The flow scheme of a typical solid adsorbent-based dehydration process is shown in Figure 7. The process is conducted alternately and periodically, with each bed going through successive steps of adsorption and desorption. During the adsorption step, the gas to be processed is sent on the adsorbent bed, which selectively retains the water. When the bed is saturated, hot gas is sent to regenerate the adsorbent. After regeneration and before the adsorption step, the bed must be cooled.

Scheme of desiccant dehydration plant
Fig. 7 Typical flow scheme for a solid desiccant dehydration plant

This is achieved by passing through cold gas. After heating, the same gas can be used for regeneration. In these conditions, four beds are needed in practice in cyclic operation to dry the gas on a continuous Adsorbents are normally unsuitable for continuous circulation due to mechanical problems and also due to the risks of attrition.x basis: two beds operating simultaneously in adsorption or gas drying cycle, one bed in the cooling cycle, and one bed in the regeneration cycle. In the simplest case (as shown in Figure 7), one bed operates in adsorption, while the second operates in desorption, and both beds are switched periodically.
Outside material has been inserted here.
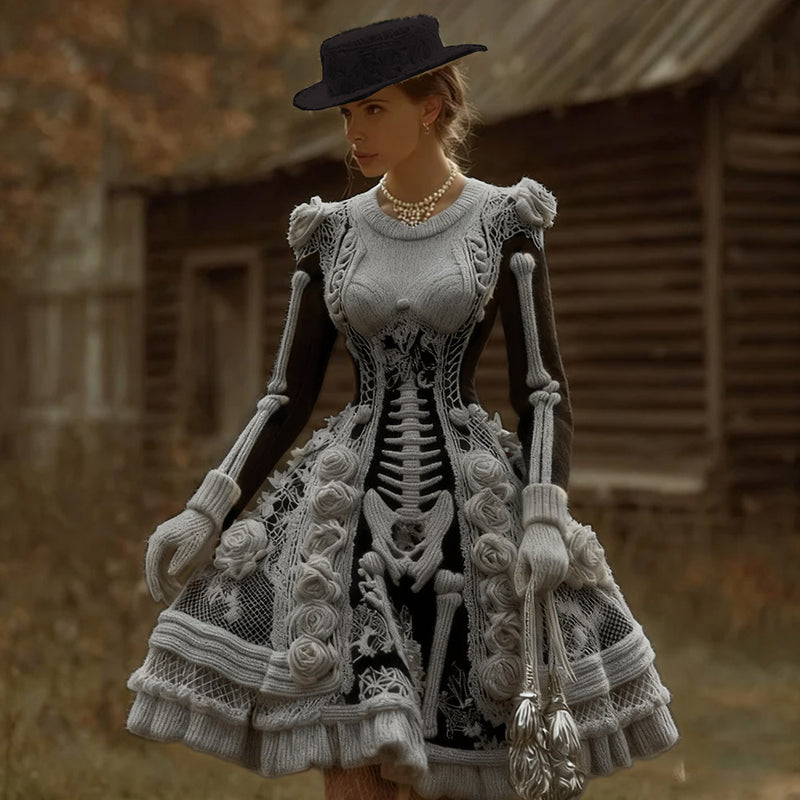 Classic Designed Dress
In the gas drying cycle, the wet inlet gas first passes through an inlet separator where free liquids, entrained mist, and solid particles are removed. This is a very important part of the system because free liquids can cause the adsorbent materials to break down. This leads to higher pressure drop and channeling, reducing the overall performance of the unit. If the adsorption unit is downstream from an amine unit, glycol unit, or compressors, a filter separator is required.

In addition to the use of an inlet separator to maximize water droplet removal, a guard layer (equal to about 10-20 % of bed volume) of specialized, water-stable adsorbent can be added on top of the main adsorbent bed. This water stability can be imparted using tempering (i. e., heating to high temperatures over a long time), however, this process reduces water adsorption capacity greatly.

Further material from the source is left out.